Romanzo
Il romanzo «Anima Guerriera» sarà presentato mercoledì alle 18,30 alla libreria Universitas di vicolo Grossardi 3/B. Dialogherà con l'autore Massimo Sperindè il giornalista Francesco Monaco.
Questo non è solo un libro, ma l’autobiografia di un soffio vitale. Ecco, se l’esistenza potesse scriversi, descriversi, parlarsi lo farebbe proprio così: con un viaggio che non è riconducibile al tempo e allo spazio ma, «semplicemente», al tutto. Al ricomporsi. Non importa dove e quando e in che pelle o in che essenza. Magari proprio tra le pagine di un antico manoscritto o tra i deliri di personaggi in cerca di libertà e significati.
Così nasce «Anima guerriera» (Universitas editore Parma, 21 euro, pp. 790), il primo romanzo che potremmo definire storico-filosofico (anche se l’etichetta pare riduttiva) di Massimo Sperindè, parmigiano d’adozione, per anni redattore e caposervizio della Gazzetta di Parma. Linguaggio immediato, grafie che cambiano, sensibilità che si intrecciano: tre vite, tre storie, si uniscono nelle pagine seguendo «il sottile filo di una lontana e controversa teoria filosofica». Si tratta delle storie dell’indomita e sensuale Teukla e del suo mondo antico, quella di fratel Erno e del suo turbamento nel monastero e quella di Odoardo Blasi e delle sue ricerche (non solo storico-letterarie). Impossibile, però, non aggiungerne una quarta: quella dell’autore, che è mescolato, in una perfetta mimesi di passioni, speranze e timori, ai suoi personaggi. È la voce interiore che tutto unisce e amalgama. Il cuore da cui le altre tre esistenze ripartono, salvate dal rischio dell’oblio, così come la storia. Tutto parte, manzonianamente, dal ritrovamento di uno scritto antico all’interno di un baule. L’autore così risale a Odoardo Blasi, un uomo dell’Ottocento immerso nel suo tempo e nel tempo della letteratura. Inizia quindi un grande lavoro per salvare quei fogli e riportarli alla luce. Pensando, all’inizio, di stare svolgendo un lavoro più che altro filologico.
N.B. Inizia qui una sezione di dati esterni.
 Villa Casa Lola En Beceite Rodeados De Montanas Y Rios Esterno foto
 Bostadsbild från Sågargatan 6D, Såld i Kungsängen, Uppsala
Finché non ha capito che quello che stava attraversando era un percorso diverso, una vera e propria missione.
In quelle parole antiche ma nuove, ha iniziato a ripercorrere la storia della protagonista: la guerriera apuana Teukla, raccontata da fratel Erno da Pontremoli nei primi del Trecento: in un flusso di visioni e deliri riemergono le vicende di quella donna così lontana nel tempo. Chiuso nella celletta del monastero di Bobbio, Erno alterna la vita monastica alla vita che gli si impone davanti agli occhi ogni giorno, in un totale stato di abbandono: è il viaggio di Teukla, tanto geografico quanto interiore, che lo riporta – e ci riporta – al secondo secolo avanti Cristo. È la vita di una donna «che va nella direzione opposta a quelli che si arrendono». La seguiamo nella sua battaglia contro il popolo oppressore: quello romano. La seguiamo nel suo crescere: conosciamo prima la sua anima giovane, la sua impazienza e la necessità impellente di combattere (il gladio e la frombola sono un suo prolungamento). La vediamo conoscere popoli diversi come i Boii e i Sarmati, imparare a leggere e a scrivere, parlare lingue diverse. La conosciamo, poi, per il suo desiderio di diventare madre, nel suo bisogno di amare. Gli anni passano e lei cambia, arrivando ad un punto in cui fermarsi non è più solo una «placida serenità che non appaga», ma un buon compromesso che non snatura quello che lei è: un concentrato di istinto, energia, furore. Un’amazzone. Teukla riemerge dal suo tempo per parlare a Fratel Erno, permettergli di «cogliere l'essenza del suo passato», quello di Ernesto Cavellini, ben lontano dalla vita monastica tra passioni, viaggi, ferite.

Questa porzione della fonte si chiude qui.